Just to recap, the past six weeks have been taken up with looking at nefarious publisher clauses in an admittedly limited pool of contracts. I briefly touched on:
Length of rights
Right of first refusal
Subsidiary rights
Out of print & bankruptcy
Auditing
and even some Kooky bits.
Now, to the summary.
In the great self-publishing debate, I often read advice to the effect that (a) you shouldn’t self-publish because you demean your own writing, and (b) if your writing was any good, it will find a traditional publishing home eventually anyway.
The problem is when your story does find a traditional publishing home but that home is owned by toxic and dysfunctional people. Under such circumstances, would it really have been better to have signed with AC-Pub than to go my own way? With full knowledge that, not only would my story be locked up ad infinitum, but my career (and my estate) would be hobbled as well? Is there any other industry in the world that thinks it has the right to say to me, “I will employ you on a variable wage that may be pennies per quarter, but you can never ever use your expertise again for any other employer in the world for as long as you live”??? It beggars belief, doesn’t it?
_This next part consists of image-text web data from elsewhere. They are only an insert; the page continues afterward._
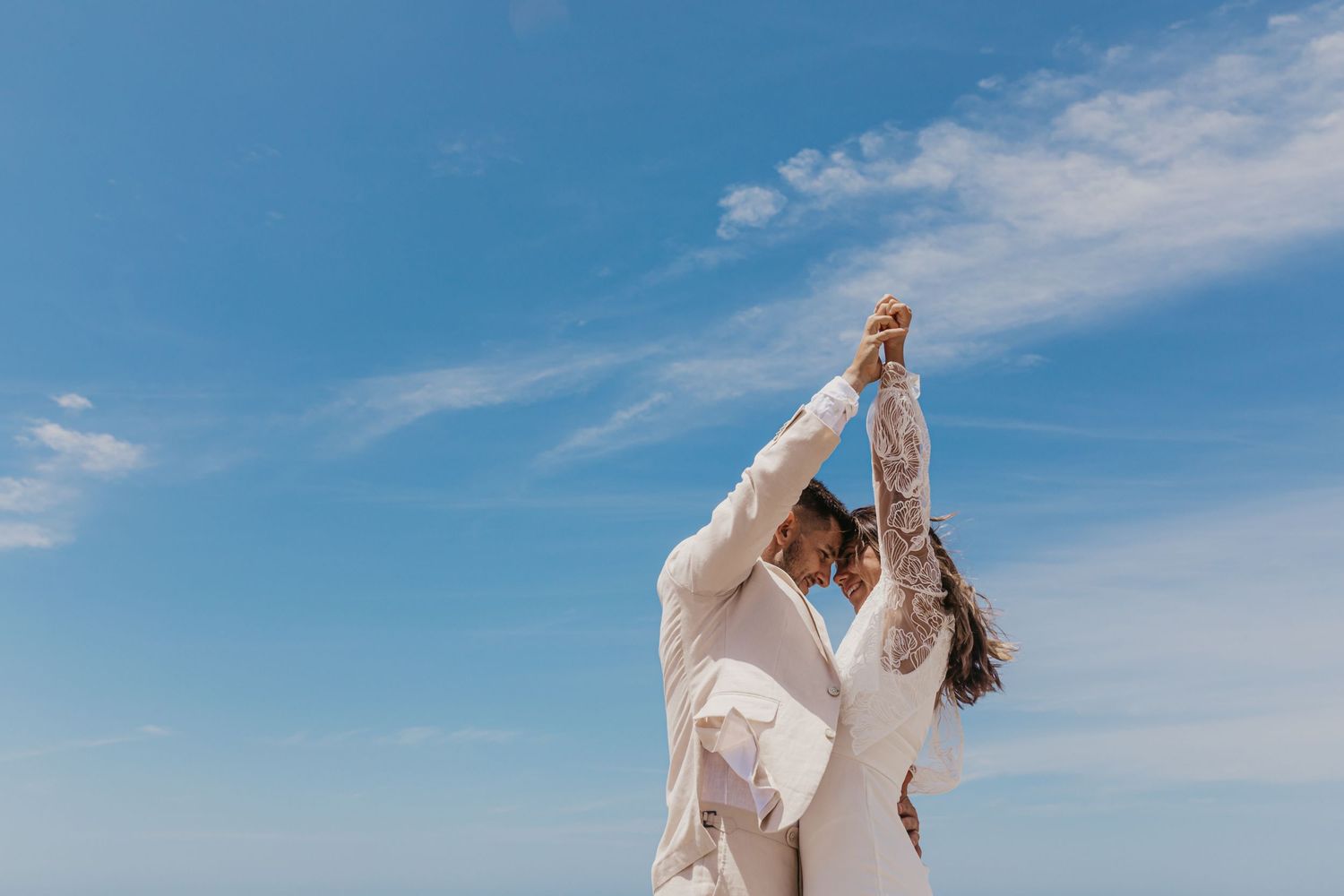 Bride and groom celebrating beneath the blue Byron Bay sky after their beach wedding, captured by a Byron Bay wedding photographer.
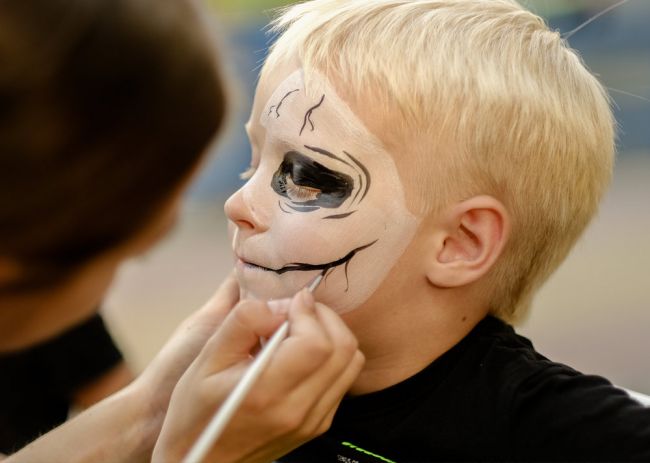 A child getting their face painted for Halloween
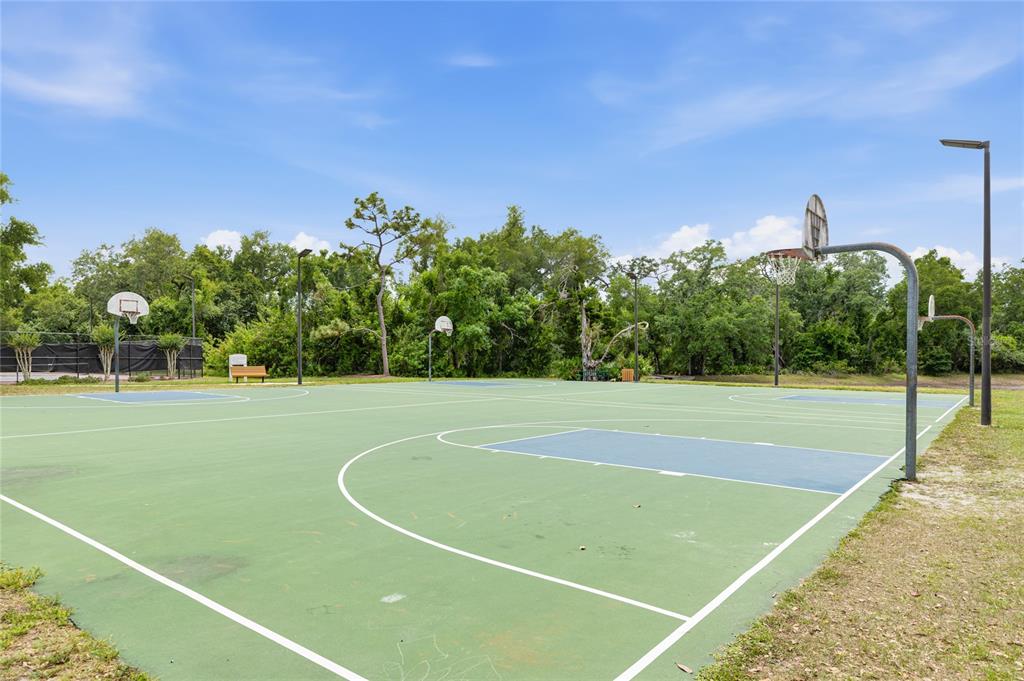 6216 Rosefinch Court, Unit 102 Lakewood Ranch, FL 34202 - Photo 32 of 45 a view of a tennis court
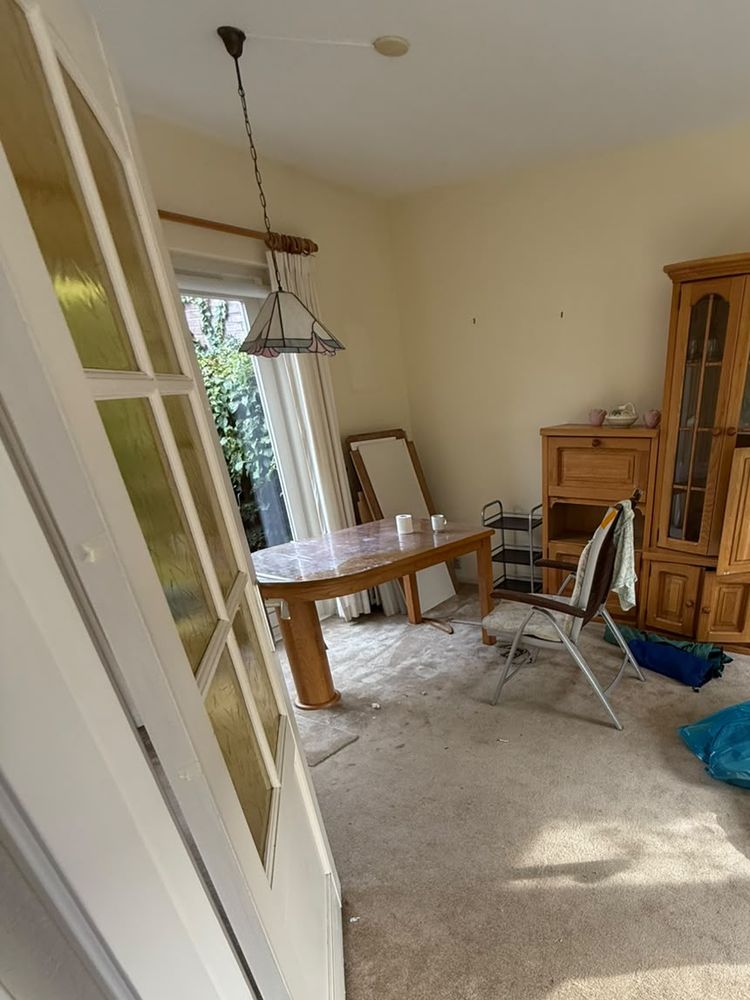 Woonkamer in Breukelen voor de ontruiming, met kast, tafel en stoelen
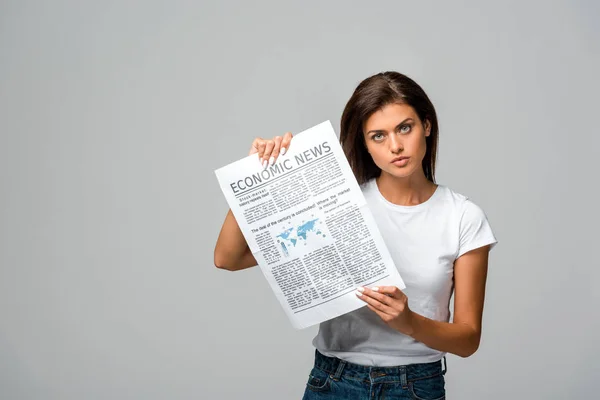 Serious young woman showing economic newspaper, isolated on grey — Stock Photo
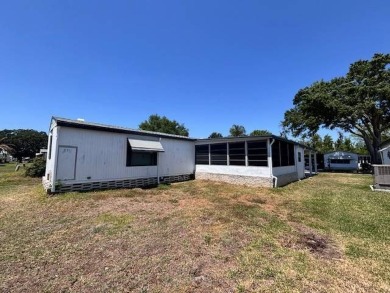 Welcome to your perfect year-round retreat! This charming 2 on Lake Henry Golf Club in Florida - for sale on GolfHomes.com, golf home, golf lot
Yet that’s exactly what traditional publisher, Acme Coyote Publishing, expected me to swallow.
Interestingly, when I queried a more innocuous contract clause (as a test, to do with royalty levels), this is the response I got from the publisher:
I’m sorry that the terms of the contract now appear inequitable to you. It also concerns me that you interpret the terms to reflect an opportunity for [Acme Coyote Publisher] to take advantage of the author.
Whoo hoo! Like that? “Now appear inequitable to you”? “Concerns me that you interpret”? Remember that this was the first time I had the final contract in my hands. (Yes, a draft one had been forwarded to me earlier, but I take little notice of them as they are not legally binding. I prefer to save my focus for the final contract…you know, the one I will sign and be bound to.)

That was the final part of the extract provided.